En la década de los 70 las crisis adquirieron otro cariz. No afectaron tanto al elemento culinario como al pecuniario. El “oro negro” trastocó esquemas y provocó el desconcierto entre tirios y troyanos. Los primeros efectos fueron notorios en las fachadas de muchas empresas. Cuando una industria deja sin pintar sus paredes exteriores, algo extraño sucede en el interior. En aquella época todo se impregnó de desconchado y hollín decadentes, y el personal tomó conciencia de que nada volvería a ser como antaño. Más tarde, los defectos en los enlucidos de los muros dieron paso a largas hileras de personas haciendo tiempo delante de locales en cuyos frontis podían leerse las siglas INEM. Y todos, por simpatía, más que por empatía, decidimos que eran momentos de crisis. Recogimos velas, recortamos gastos y pusimos cara de circunstancias. Lo demás llegó “motu proprio”. Tristeza generalizada, ausencia de esperanzas y dolor de los pecados.

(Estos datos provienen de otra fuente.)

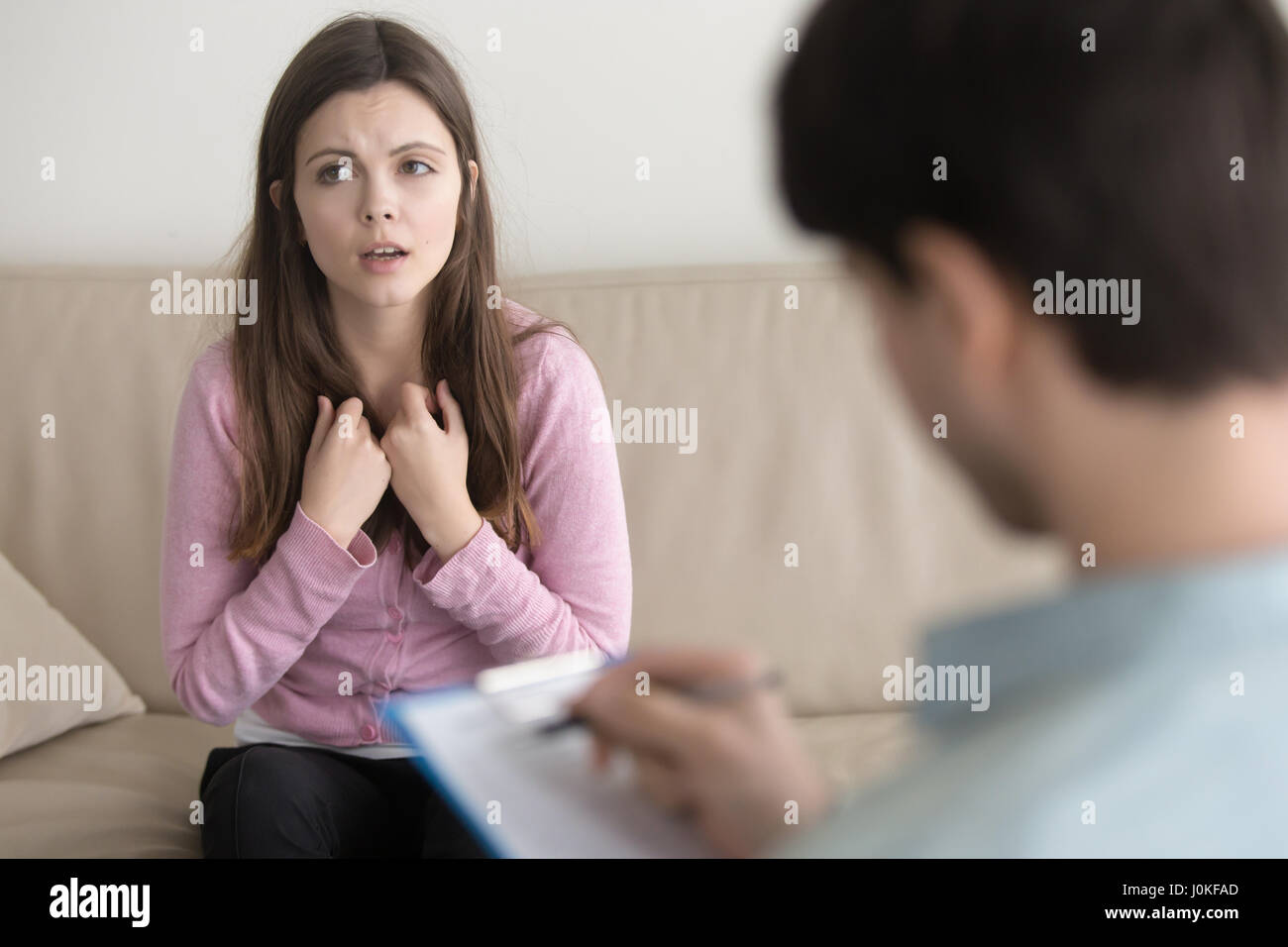 Young sad woman telling about her problem to male psychotherapis Stock Photo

Pero ahora, y a pesar de que las circunstancias pueden ser, para otros tantos millones de personas, iguales o incluso perores que aquellas de antaño, todo ha cambiado. Esto ya no es lo que era. ¿Crisis?, ¿Qué crisis? Caravanas kilométricas, hoteles al cien por cien de su capacidad, restaurantes sin posibilidad de reserva, campings rebosantes de individuos con chándal, procesiones observadas por multitudes aposentadas ante una copa de fino y un plato de gambas, infinitos rostros quemados por la nieve de las estaciones de esquí, autobuses repletos de caras sonrientes, ciudades vacías, pueblos repletos…
Un poco de seriedad. Seamos consecuentes. Si esto es la crisis, seguro que nos hemos vuelto todos locos, y si no lo es, por qué demonios nos empeñamos en utilizar ese apelativo tan respetable para referirnos a algo que poco o nada tiene que ver con lo mentado. Algo falla o, si no, todos jugamos al engaño. Nos hemos habituado a compadecer o a que los demás se duelan de nuestras desgracias. Todos tienen penas que sacar a la luz. Viste mucho más el pesimista impenitente que el optimista bien intencionado. Ya no hay quien se atreva a mostrar una sonrisa, por si acaso la mueca se torna en llanto. ¡A Dios rogando y con el mazo dando!
Aún a riesgo de ser lapidado, afirmo que no me creo lo de la crisis. Bueno, con las pertinentes salvedades. Me refiero a esa crisis general de la que muchos alardean, no de las particulares que, sin duda, existen en forma de millones de dramas personales. Afirmo, y ratifico, que tras ese término se esconde más de una hipocresía, más de un vicio privado que se oculta de la pública virtud. Seamos consecuentes, y a los hechos me remito. Analicen, por ejemplo, lo ocurrido durante estas vacaciones de Semana Santa. O mucho han cambiado las cosas o hay que volver a preguntarse lo de ¿crisis?, ¿Qué crisis?